Hypothesis Testing #3: One-way ANOVA

Yet another practical example for conducting a statistical analysis in Python

My second project at Flatiron School required gathering information from a real-world database and using my knowledge of statistical analysis and hypothesis testing to generate analytical insights. We were working with the famous Northwind database – a free, open-source dataset created by Microsoft containing data from a fictional company and widely used for learning SQL. After already conducting both a Welch’s t-test and an independent t-test, this blog covers a one-way ANOVA. The following blogs deal with a two-way ANOVA and a Chi-Squared Test for Independency.

The complete Jupyter Notebook can be found here.

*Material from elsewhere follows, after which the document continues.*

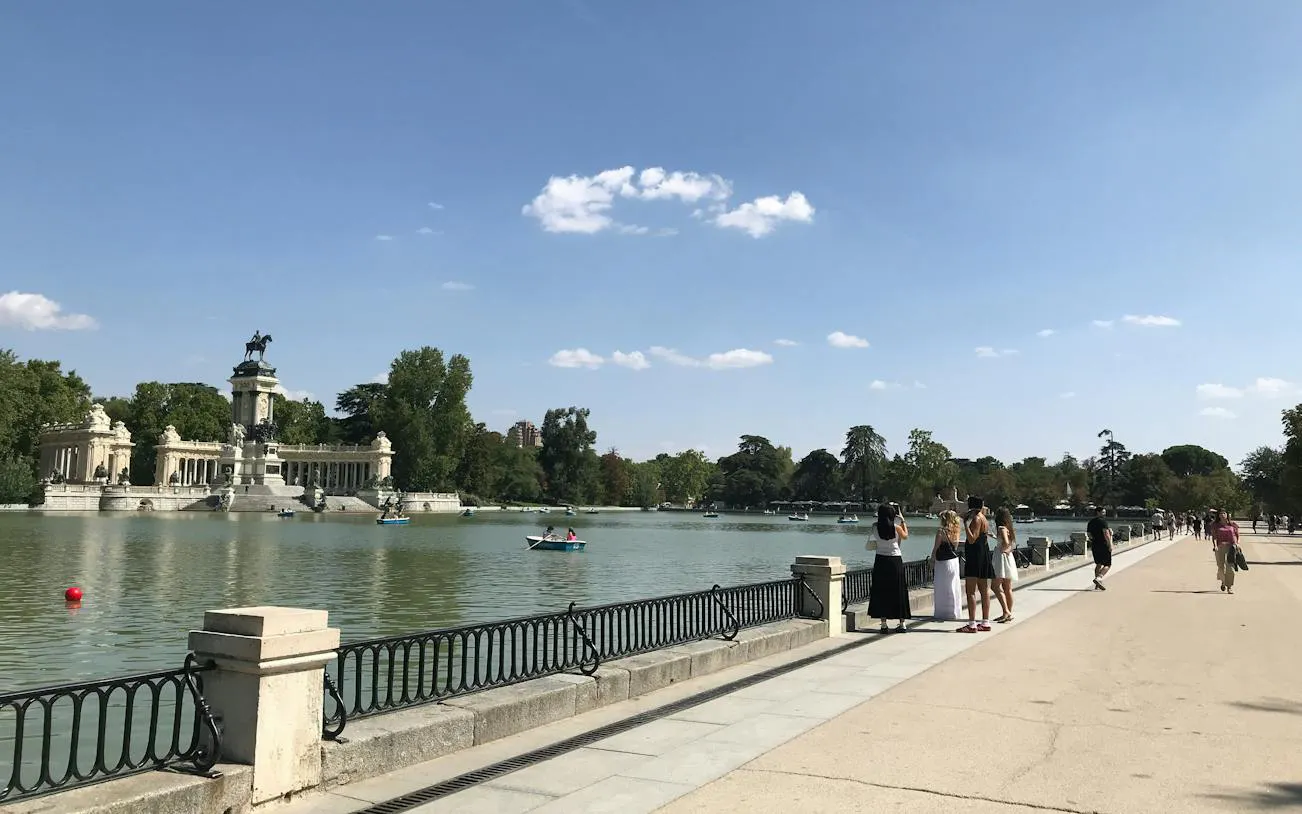 Retiro Park lake with monument and people enjoying a sunny day, Madrid.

The question to answer and analyze is:

Does discount level have a statistically significant effect on the
quantity of product in an order? If so, at what level(s)?

Here’s what’s covered in this section:

  1. Obtaining the data
  2. Data Cleaning & Feature Engineering
  3. The Hypothesis
  4. The Analysis
  5. Conclusions

Obtaining the data

This section was already discussed extensively in the first blog regarding statistical analysis.

Data Cleaning & Feature Engineering

This time it’s very easy, as we only need one table:

  • “OrderDetail”

We’re using the pd.read_sql_query() method:

df3 = pd.read_sql_query('''SELECT * FROM OrderDetail;''', engine)

Let’s check the newly created dataframe:


How many unique discount levels do we have?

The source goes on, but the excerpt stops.